Why is this? Is it 64 so that the M_AXI interface can perform data width auto-widening to 512 (64 x 8) bits? If so then why is the input stream (pixel_stream) depth not set to 64 too and only the stream for output has 64 depth?
What I assumed was that even if the depth is 2, the M_AXI interface will be able to understand that the data is flowing in the kernel without stall, therefore achieving 512 bit data width for burst transfers.
I also synthesized the code for both 2 and 64 as depth value for output_stream and both systems pass the C/RTL Co-simulation without problem. The only difference in the synthesis reports I saw was that the FIFOs used 51 more LUTs which is because of the output_stream FIFO depth of 64.
P.S.: Although the FIFO depth is 32 times more (2 x 32 = 64), the number of additional LUTs used is less than two times more (51). So I'm assuming HLS has understood that it doesn't need all of the 64 FIFOs.
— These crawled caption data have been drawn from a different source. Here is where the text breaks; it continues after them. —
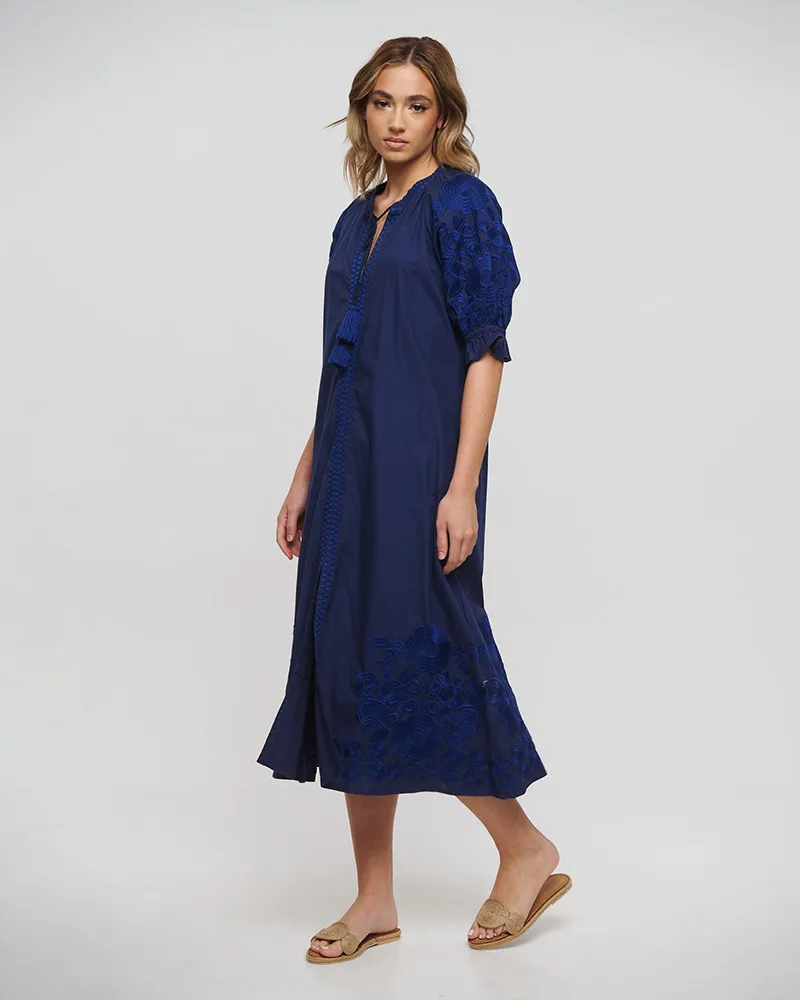 ΦΟΡΕΜΑ/ΚΑΦΤΑΝΙ ΜΑΚΡΥ ΣΕ ΜΠΛΕ ΧΡΩΜΑ ΜΕ ΜΠΛΕ ΚΕΝΤΗΜΑΤΑ ONE SIZE (100% COTTON)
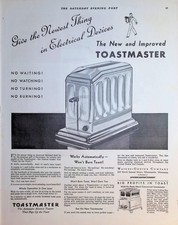 Original Vintage 1930 Toastmaster Automatic Toaster Ad:Art Deco Kitchen Applianc
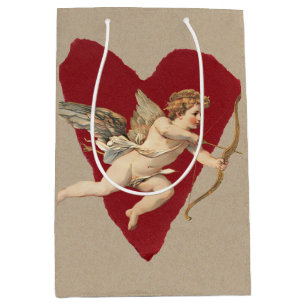 Sacola Para Presentes Média Coração Vermelho Vinho Romântico Anjo Arco e Flech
But even the slight addition of LUTs is strange to me because it should not need more than depth=2.
Also there is a hint comment saying you can set the stream depth to 0 for minimum resources, how can the FIFO be created with a depth of 0? should the depth not be at least 1? When I set depth to 0 suddenly there are no BRAMs used for the window_stream but for Depth of 3, 100 BRAMs are used. Why?
Thanks, Ali
We're looking at this issue and will get back to you soon. Thanks.
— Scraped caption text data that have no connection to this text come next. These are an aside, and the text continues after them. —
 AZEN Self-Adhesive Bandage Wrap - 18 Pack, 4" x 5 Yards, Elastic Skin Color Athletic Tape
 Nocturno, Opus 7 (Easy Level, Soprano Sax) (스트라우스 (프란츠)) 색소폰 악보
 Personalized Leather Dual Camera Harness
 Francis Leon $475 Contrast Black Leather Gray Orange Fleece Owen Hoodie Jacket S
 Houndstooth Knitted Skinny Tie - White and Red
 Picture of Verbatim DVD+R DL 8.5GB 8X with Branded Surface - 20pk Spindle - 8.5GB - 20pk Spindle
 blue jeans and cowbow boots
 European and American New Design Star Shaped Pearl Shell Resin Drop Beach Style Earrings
Hi @Ali-Flt - I have extracted the independent questions and answered them independently
Why is it necessary to have a FIFO depth of "64" instead of "2"
The Dataflow throughput is dynamic in nature and it is dependent on the FIFO full and empty conditions. When the user selects the FIFO of depth "2" they would see a small stall percentage because of FIFO getting full ( can be seen in the dataflow profiling information). To remove this stall, the author has increased it to"64", but the depth can go as low as "16" without any stall percentage.
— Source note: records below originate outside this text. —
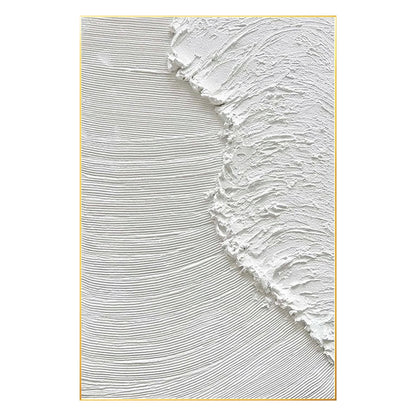 Textured White Ocean Waves Painting, Minimalist Coastal Wall Art, 3D Abstract Se #7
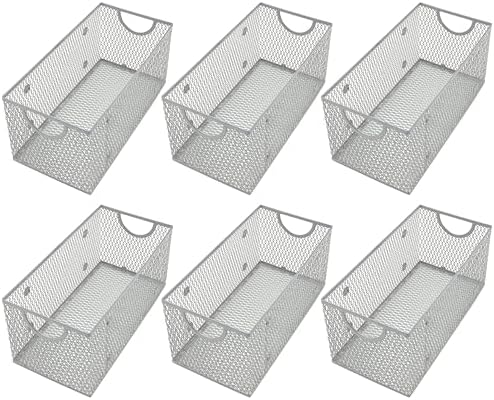 YBM HOME Kitchen Pantry Organizer Wire Basket for Shelves, Pantry, and Cabinets, Mesh Open Metal Storage Bin for Organizing Household, Office, and Laundry Supplies, 11 x 5.5 x 5 in, Pack of 6 by YBMHome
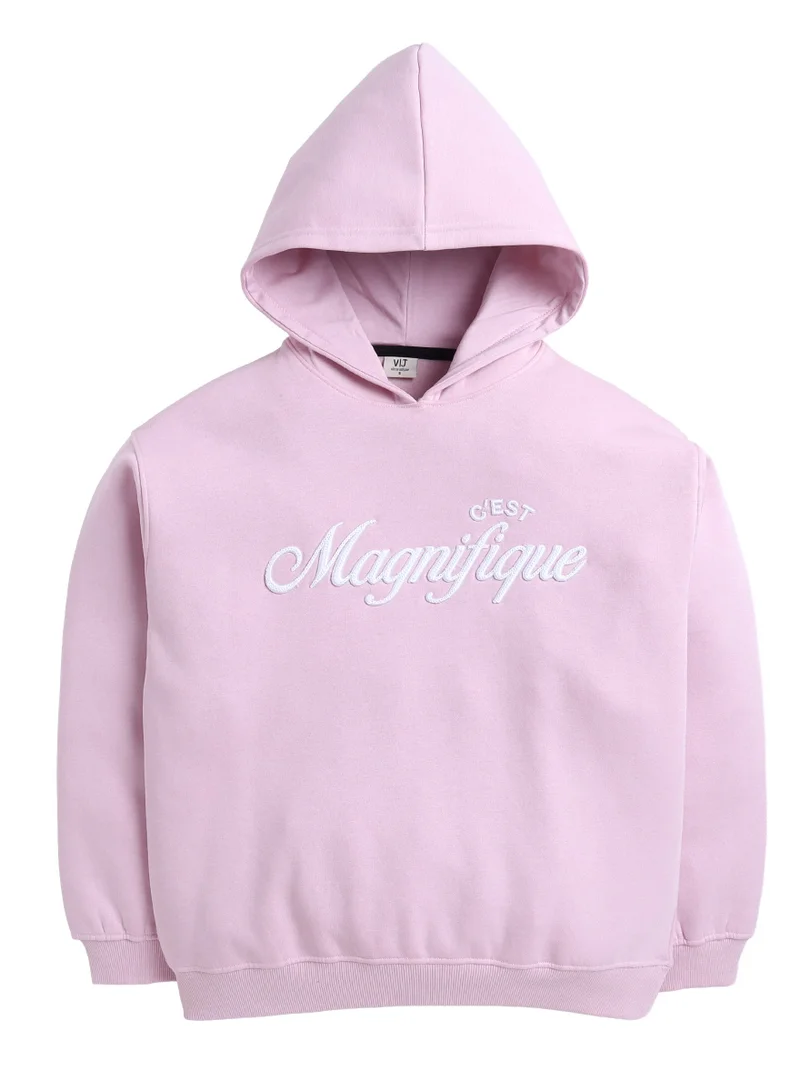 victor and jane “C'est Magnifique” Graphic Hoodie for Ladies – Blush Pink | 100% Cotton Fleece |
How the MAXI interface can infer a 512-bit data width for burst transfers
the inferences of the 512-bit width is not dependent on the FIFO depth, it is dependent on the memory access pattern of the "dst" variable which is sequential. This infers the 512-bit width, there can be cases where the memory access pattern is random which fails the inferences
Resource utilization of the FIFO for a depth of "64" and "2"
The resource utilization of HLS is only an estimate, run the vivado to get more accurate results
FIFO of the depth of "0"
This comment will be removed, you cannot set a FIFO of depth "0", the default would be "2"
Hi @akhilayyagari , Thank you very much for the detailed answer. If I've understood correct about the FIFO depth, the right flow of configuring the depths will be to start from a high number (maximum number of data that will be pushed into each FIFO) and run C/RTL co-simulation with buffer profiling and lower the depth until stall percentage goes higher than 0.
About the setting FIFO depth to 0 comment, I was assuming that maybe by setting the depth to 0, the depth will be calculated by DATAFLOW and therefore the dataflow fifo depth will override the user input (0). I ran the synthesis with depth of 0 and the depth of the FIFO was actually set to 2, using no BRAMs.
But about you saying you can't set the FIFO depth to "0", I actually changed the config_dataflow setting "-fifo_depth" to 0 and I observed that it synthesized the design without any errors. And the fifo depth in the synthesis resource profiling report was set to 0 too.
How is this possible? Shouldn't the fifo depth be at least 1? There could be two scenarios:
- The system is actually synthesized with FIFO depth = 0 somehow and dataflow handled data transfer between registers without the need of buffers/fifos
- The system is synthesized with a depth higher than 0 and the "-fifo_depth 0" setting was ignored and the synthesis report is wrong.
Which one is the correct scenario?
Thanks again, Ali
hi @Ali-Flt ,
There are two ways you can optimize the FIFO depth,
- Manual Way: The designer would need to size the FIFO starting from maximum to an optimal size.
- Automatic Way: The co-simulation provides a feature that can automatically find the optimal FIFO depth by running multiple simulations, which may take a long time for big designs
The second issue you have reported may be a bug, it should not take the "0" which does not make sense. We will fix this in the future release. The minimum depth should be "1", the tool default is "2". if the depth of the FIFO is less than 1024, then they use registers unless explicitly specified using a pragma.